Saturday, May 25, 2002

 
Now For Something Strange. As long as I'm dredging up old books that I think are still useful, here is one that is worth tracking down: Testing to Verify Design and Manufacturing Readiness This book, despite the editorial description on this page, is entirely about hardware/software integration as it pertains to managing acquisition risk for the buyer and the processes and procedures that need to be employed by the developer.

If you work within the framework of the FDA's General Principles of Software Validation or the FAA's DO-178B for safety-critical avionics the material is consistent with these governing documents, but is too outdated to be useful.

However, if you are working on integrated projects that are unregulated with respect to government controls you may find this book useful. It contains a wealth of useful guidelines for establishing and managing processes to support development of products that are based on embedded software or hardware/software integration, The core of this book is a collection of templates that were developed and proven in the DoD industry, and are designed to manage integrated testing, failure management and field feedback. Each element is applicable to commercial environments, especially for companies that are manufacturing intelligent network devices, data storage systems and specialty products such as digital control systems, sensors and other integrated hardware/software products.

The templates are introduced in Chapter 1, and each of the seven functional areas covered by the templates are discussed in separate chapters. These functional areas are: integrated testing, failure reporting, design limits, product life, test/analyze/fix process, uniform test reporting and field feedback. A chapter on applying these follows, but the material is slanted towards DoD issues. If you apply thought and imagination while reading this chapter you should get ideas on how to refactor the cases into your own environment.

Section 2 devotes three chapters to software design and test, which are based on the older waterfall development life cycle. However, this particular life cycle lends itself well to developing embedded systems, making this material valid and applicable to commercial environments.

Overall, this is a useful book for the intended audience I cited above if you can track down a copy. In particular, the checklists and overall framework are valuable, and much can be learned from the risk-based approach taken in the book.

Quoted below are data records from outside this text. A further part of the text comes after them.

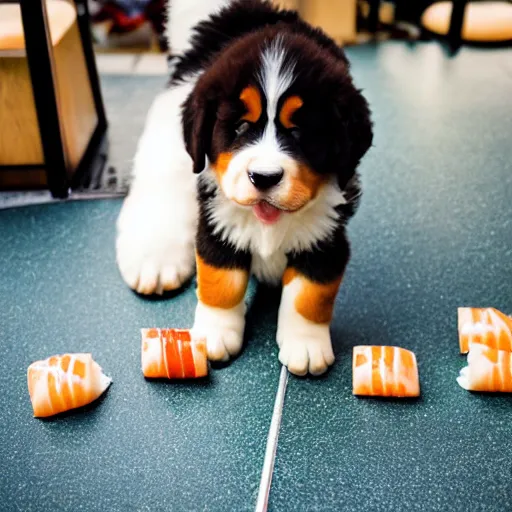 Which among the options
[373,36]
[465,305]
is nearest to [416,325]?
[465,305]

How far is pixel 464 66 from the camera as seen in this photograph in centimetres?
297

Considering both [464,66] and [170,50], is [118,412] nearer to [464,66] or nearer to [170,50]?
[170,50]

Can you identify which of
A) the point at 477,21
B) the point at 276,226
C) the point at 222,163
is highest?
the point at 222,163

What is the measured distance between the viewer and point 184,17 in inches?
64.0

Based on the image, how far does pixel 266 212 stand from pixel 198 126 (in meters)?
0.20

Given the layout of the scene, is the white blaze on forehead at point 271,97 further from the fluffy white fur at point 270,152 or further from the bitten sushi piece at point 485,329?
the bitten sushi piece at point 485,329

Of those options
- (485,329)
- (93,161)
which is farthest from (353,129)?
(93,161)

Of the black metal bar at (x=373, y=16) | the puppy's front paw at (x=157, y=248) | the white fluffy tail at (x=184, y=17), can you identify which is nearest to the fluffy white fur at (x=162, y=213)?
the puppy's front paw at (x=157, y=248)

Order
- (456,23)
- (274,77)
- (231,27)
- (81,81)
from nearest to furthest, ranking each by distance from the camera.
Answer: (274,77)
(231,27)
(81,81)
(456,23)

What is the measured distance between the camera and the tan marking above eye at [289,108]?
3.58 ft

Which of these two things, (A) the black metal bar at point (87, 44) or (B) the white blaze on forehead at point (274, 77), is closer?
(B) the white blaze on forehead at point (274, 77)

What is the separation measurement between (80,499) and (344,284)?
0.81 metres

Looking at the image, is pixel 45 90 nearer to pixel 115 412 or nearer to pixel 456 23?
pixel 115 412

Shifting Gears. Although I'll inevitably return to quality and reliability, I am going to shift to another topic in my next entry: XML. Also, most of the topics for the next few weeks will be in the form of book reviews instead of the tutorials and news items that we've been writing about. That will change as soon as things stabilize. We're all busy and haven't the time to do the research we normally do, nor the freedom to craft original essays on topics that are dear to us. That will change in due time, but until then please bear with us.